Now in case you haven't noticed, America puts a lot of stock in [in]security.  Kind of our trademark around the world.  That is why we have about 28,000 nuclear warheads in all shapes and sizes. Course that led to some other folks (pictured), wondering about their own [in]security:   

[image: wikipedia]

So they collected about 32,000 of their own and the result was something called: MAD.  Mutual Assured Destruction.  That made everybody feel better.  I guess. 

Oh.

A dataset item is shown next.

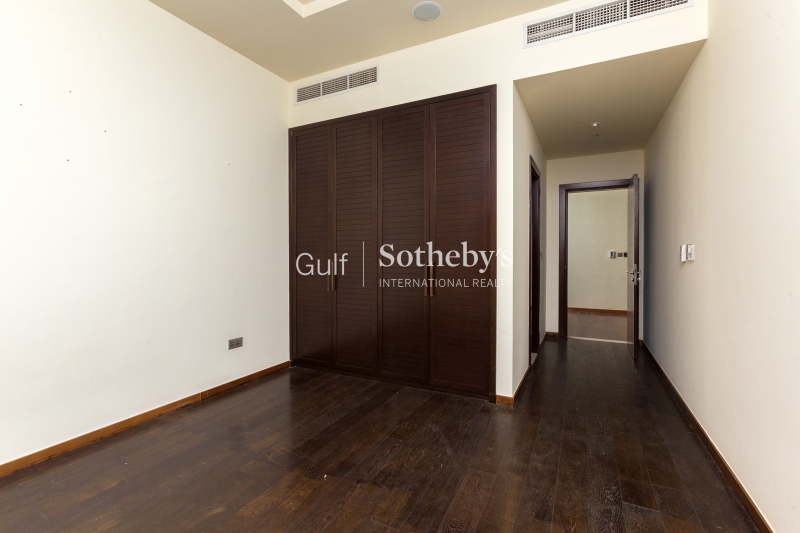 Rare Find Dont Miss Out 1 Bedroom Fully Furnished 1100 Sqft Private Garden Old Town Dubai Er R 8752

What does that have to with farriery?  Nothing, other than the fact that we we work in a field with few absolutes and no enforceable rules.  But it does show how [in]security can stifle friendships and goodwill in a profession that is 80% opinion.  And I suppose how wars start over a simple and honest question about the origins of a modified Bulgarian horse shoe.  So, as good members of civilization (my least favorite word), we yank up the razor wire over our brains and prepare for the siege.  Hell, it is a damn horseshoe -- and whether you make them, buy them, sleep with them; or like my cat, spray them in urine and call them his own...they are simply a mechanical device designed to aid a horse in his daily rounds.  And no, they are not going to add to your personal security.  Hopefully, that lives somewhere else inside you.

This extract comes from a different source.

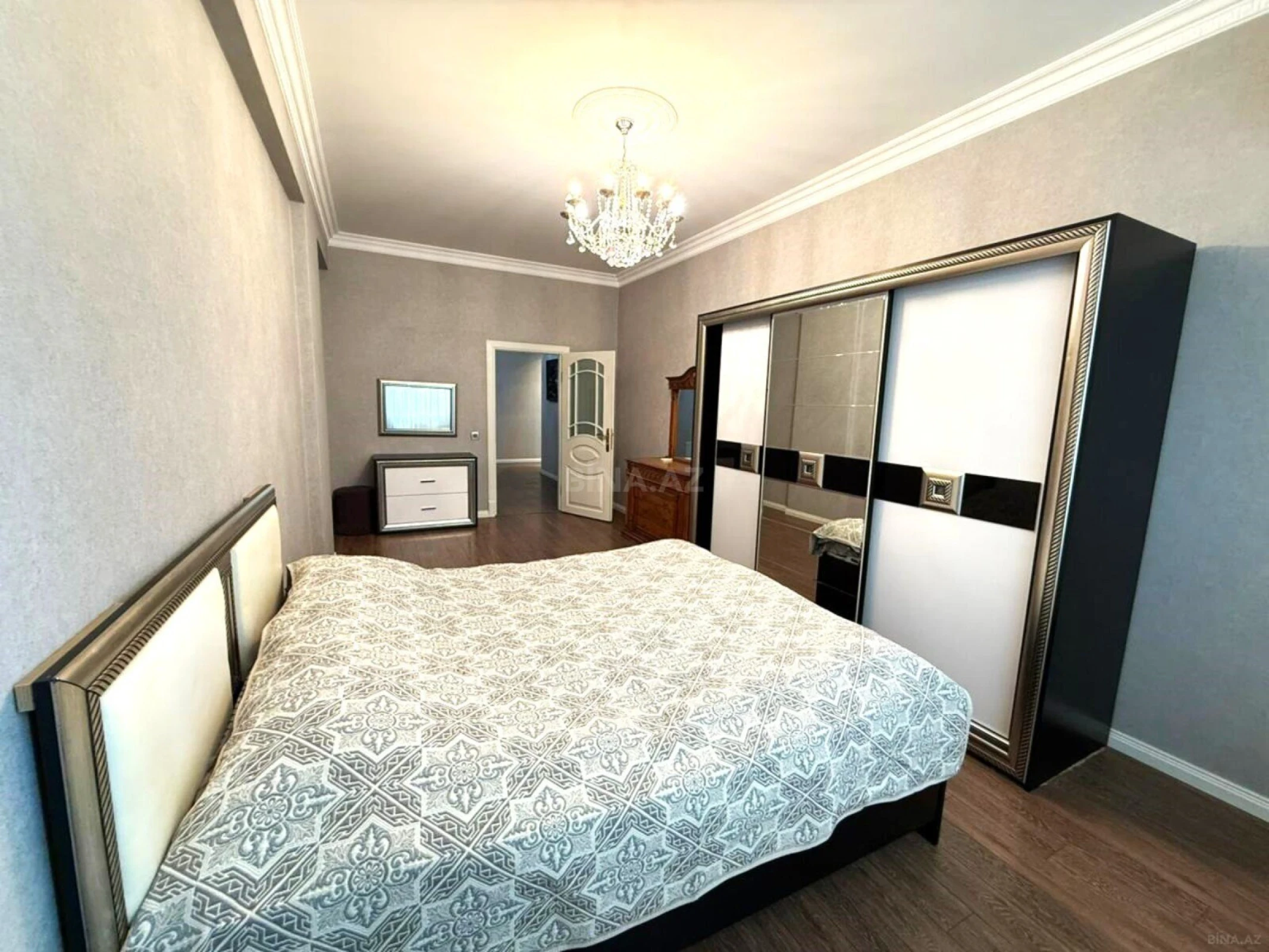 Kirayə verilir 3 otaqlı mənzil 140 m²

The moral of this story?  That mentors and role models have a responsibility that lies outside their personal beliefs.  And that it is just as important to listen as to talk.  That means you need to respect your audience and weigh your message according to the sophistication, naivete or even vulnerability of the listener.  Balance your approach and try to understand that your road, my road or the highway, isn't the only way.  Respect comes with responsibility attached.  And instead of becoming needlessly defensive (which greatly cheapens your opinion), just fess up. "Yeah, I changed it.  I like this version better."  Oddly, so do I, but that doesn't mean I would put it on a horse and it certainly does not diminish the skill required to make it.  So, how can that possibly threaten some body's [in]security?

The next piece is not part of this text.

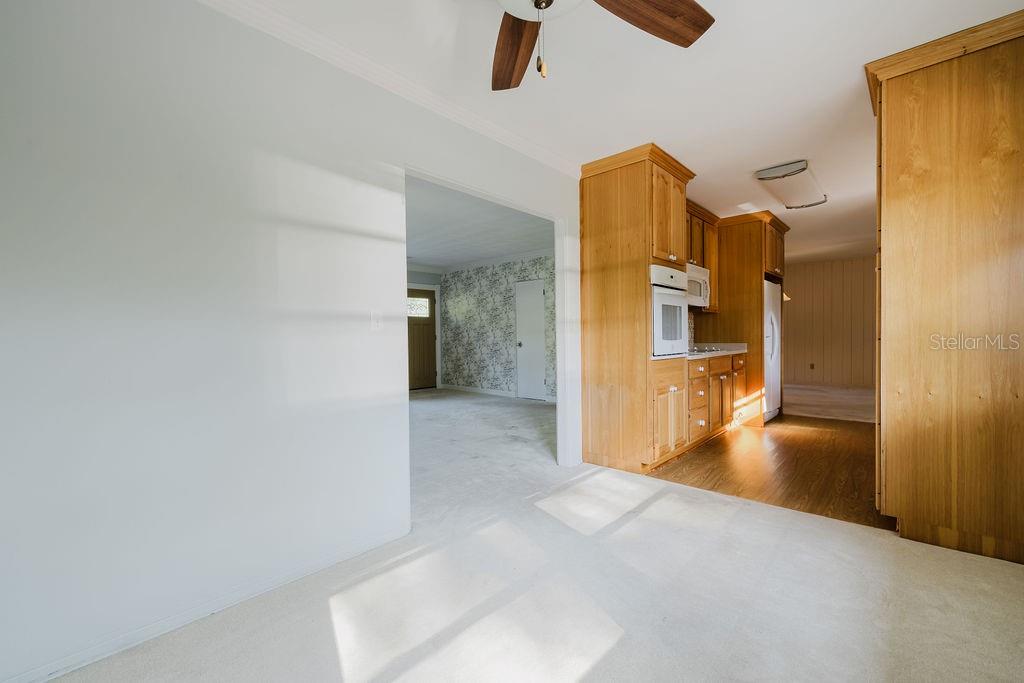 Image 7 of 33 For 305 Woodward Avenue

Lastly, and once again, on a more personal note, I have had many young (and not so young) aspiring farriers query me about the business, about schools, competitions, certification....the drinking age in Idaho -- my answer has been mostly the same:  Try to find an apprenticeship with somebody well-grounded in what this business is about: shoeing horses for money.  Pick their brain, listen and watch. Doesn't matter if they make shoes, buy them at the feed store or steal them from other horses.  Get under a 1000 horses and then figure out what you might really want to pursue, or in some cases, if you want to pursue it at all.  And that is not a bitter or prejudicial statement by any available definition.  Farriery is a lot like the NFL -- your career can be over tomorrow.  One of the last fellows that worked for me (I was on the way to the hospital for one of four retirement parties with the surgeons), was a very skilled fellow of the mechanic's school.  He could engineer just about anything and normally made better shoes than I did, but he wasn't terribly ambitious.  On top of that, he was a bit older than most, had a wife with an excellent teaching job, two kids and a mortgage.  He had a couple of options:  take over my business (remember this point -- there is nothing to sell when it is over, except a few tools and some rather hollow goodwill), or...he had an inside slot to the Electrical Union's apprenticeship program.  Tough to get in, but lucrative via salary and benefits.  Oh...wife was expecting number three.  My answer?  Become an electrician.  That was what he needed to hear and quite frankly, wanted to hear.  Because it was the right truth for his situation, though in some ways it might have been a bad reflection on me.  And as far as I know, they lived happily ever, actually I don't that, but I did want a nice ending before you folks show up with the tar and the bald chickens.     
[image: dennis haskett]

Okay....Well, you'll have to Fed-X the tar and feathers since I'm moving.  No, I don't plan on sharing the location. But someplace [in]secure.  Try to remember that life isn't nearly as serious as the alternative.